Collected data —
====
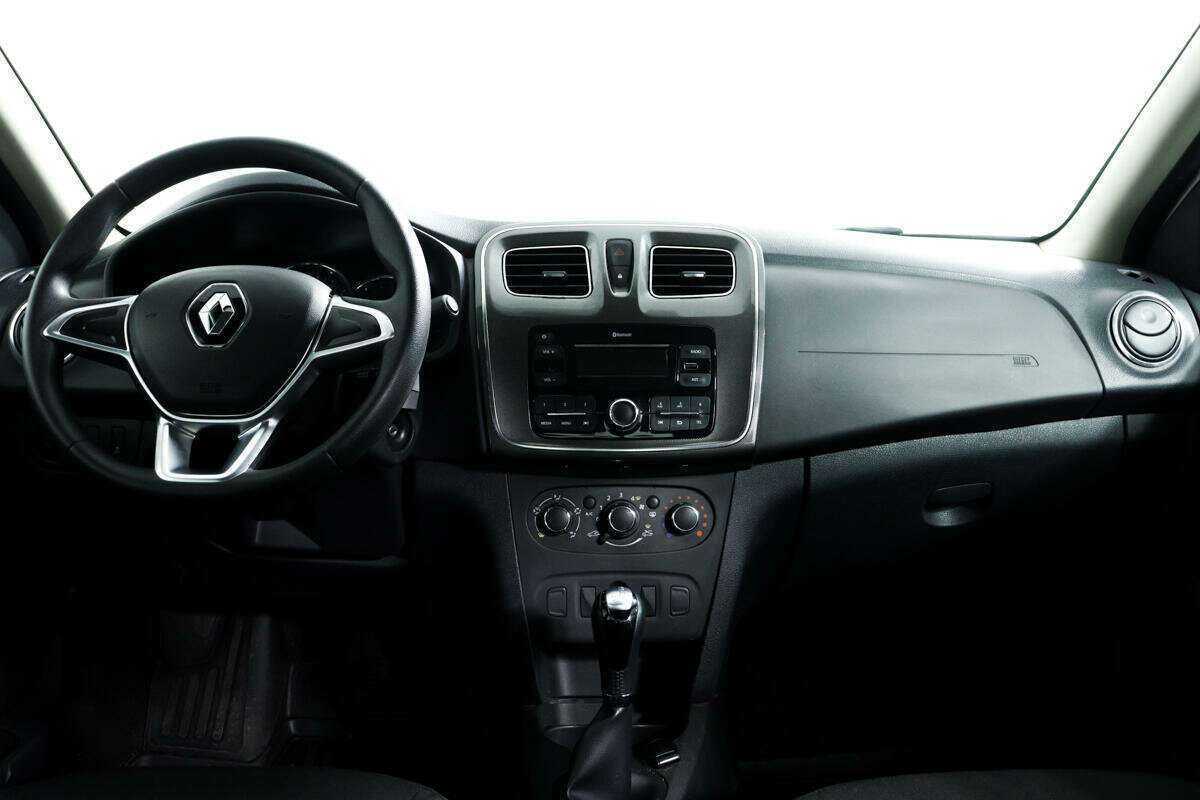 Купить Renault Logan с пробегом. Фото: #10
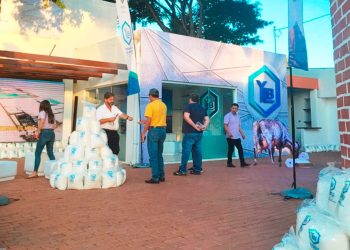 Stand de YLB en Agropecruz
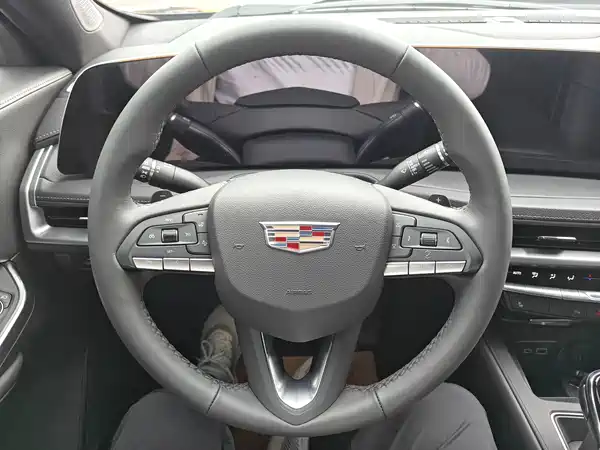Cadillac XT4 2025
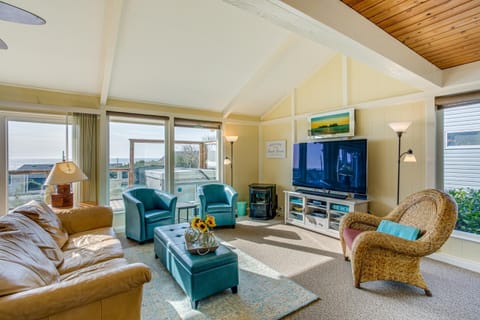 Ocean Views and Short Walk to Sandy Beach! Changes in Attitude House in Waldport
====
Requirement — Once you find the line with "Cadillac XT4 2025", restate it and every later line of the data word for word, excluding the pictures.

Exercise solution —
Cadillac XT4 2025
 Ocean Views and Short Walk to Sandy Beach! Changes in Attitude House in Waldport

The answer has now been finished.